[Date Prev][Date Next][Thread Prev][Thread Next][Date Index][Thread Index]
Re: Parsing nested statements: was Re: gnubol: subsets
In a message dated 11/21/99 1:20:19 PM EST, TIMJOSLING@prodigy.net writes:
<<
It gets better - the IF statement allows precisely one conditional statement
on
the end of the list of imperative statements. The language in the standard
does
not help (calling them imperative statements).
An example
IF a > b
display ...
add a to b
on size error
display ...
ELSE
display ...
subtract retro-adjust-factor from running-total
on size error
display ...
END-IF
This is an imperative statement I think.
>>
In this situation the outer statement is the IF statement, and the arithmetic
statements are the inner statements.
The outer statement is definitely an imperative statement because it has an
explicit scope terminator, the interior arithmetic statements are also
'imperative'. I believe, the reasons are not so obvious. Scope termination
can happen in several ways.
The ADD and SUBTRACT statements illustrated seem like conditional statments,
this because they lack explicit scope terminators. But in these situations we
are not dealing with the same issue as the restrictions on what _type_ of
statements might be coded on the conditional clauses of outer arithmetic or
I/O statements.
The situation is different.
In the IF statement, the [THEN], the ELSE and END-IF shift due to high
precedence or specification of associativity. The ELSE clause glues to the
current (inner most) IF. In order to do that it must be able to burn through
anything in between. The conditional clauses of arithmetic and I/O verbs are
not defined that way (trouble is they do not exactly reduce either, because
of standards committee visionaries the 'look-ahead' for the scope terminator
leads to alternate reduce or shift requirements).
The (optional THEN and) ELSE in IF statements, and the WHEN condition-name,
and WHEN OTHER in EVALUATES, can be handled more directly: These clauses can
include things that look like conditional statements. As far as I understand.
And mere precedence and associtivity will get the job done. The ON SIZE ERROR
token(s) or NOT INVALID KEY, don't bother the IF or EVALUATE scanning, they
lack the strength to interrupt that code, and such interior statements,
ineffect reduce, and then shift onto the [THEN] or ELSE or WHEN clause.
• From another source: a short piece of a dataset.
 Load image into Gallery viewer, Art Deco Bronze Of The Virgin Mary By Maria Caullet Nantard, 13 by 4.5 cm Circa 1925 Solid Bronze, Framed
The deal with the ON SIZE ERROR clauses in nested arithmetic statements is
that the scan collides with the same category of token because the token
(grouping) does not have associativity by itself (it is the presence or
absence of the much more subsequent scope terminator that imparts this
quality, which does not compute with available tools). The IF and EVALUATE
interior tokens are simple. Point blank shift.
So when a scanner sees ELSE, it does not foreshorten the inner IF statement,
but instead adds the ELSE and its following retinue to the inner IF. This is
even more true for the EVALUATE, where the WHEN cluase shift and shift and
shift, creating a large code structure.
Shifting ELSE reopens the flood gate, at that point any statement _type_ is
permitted. As far as I know you are allowed to go one level deeper, ... using
your example, ... notice now the presence of an 'imperative' inner arithmitic
statement on the conditional clause of the 'conditional' arithmetic statement
in the [THEN] clause ...
IF a > b
display ...
add a to b
on size error
ADD 1 to error-count
ELSE
....
that [THEN] clause block has what I think is in fact called an imperative ADD
statement (the add a to b).
But knowledgable coders will recognize the need for bolstering code if we
want the alternatice condition invoked (note the required explicit scope
terminator).
IF a > b
display ...
add a to b
on size error
ADD 1 to error-count
END-ADD
NOT on size error
ADD 1 to we-actually-can-add-count
ELSE
....
still, I think add a to b _is_ 'imperative'.
a super paranoid coders would probably then just do this too
IF a > b
display ...
add a to b
on size error
ADD 1 to error-count
END-ADD
NOT on size error
ADD 1 to we-actually-can-add-count
END-ADD
ELSE
....
because they know they will be called in at 2:00 in the morning to deal with
production down conditions. So far so good.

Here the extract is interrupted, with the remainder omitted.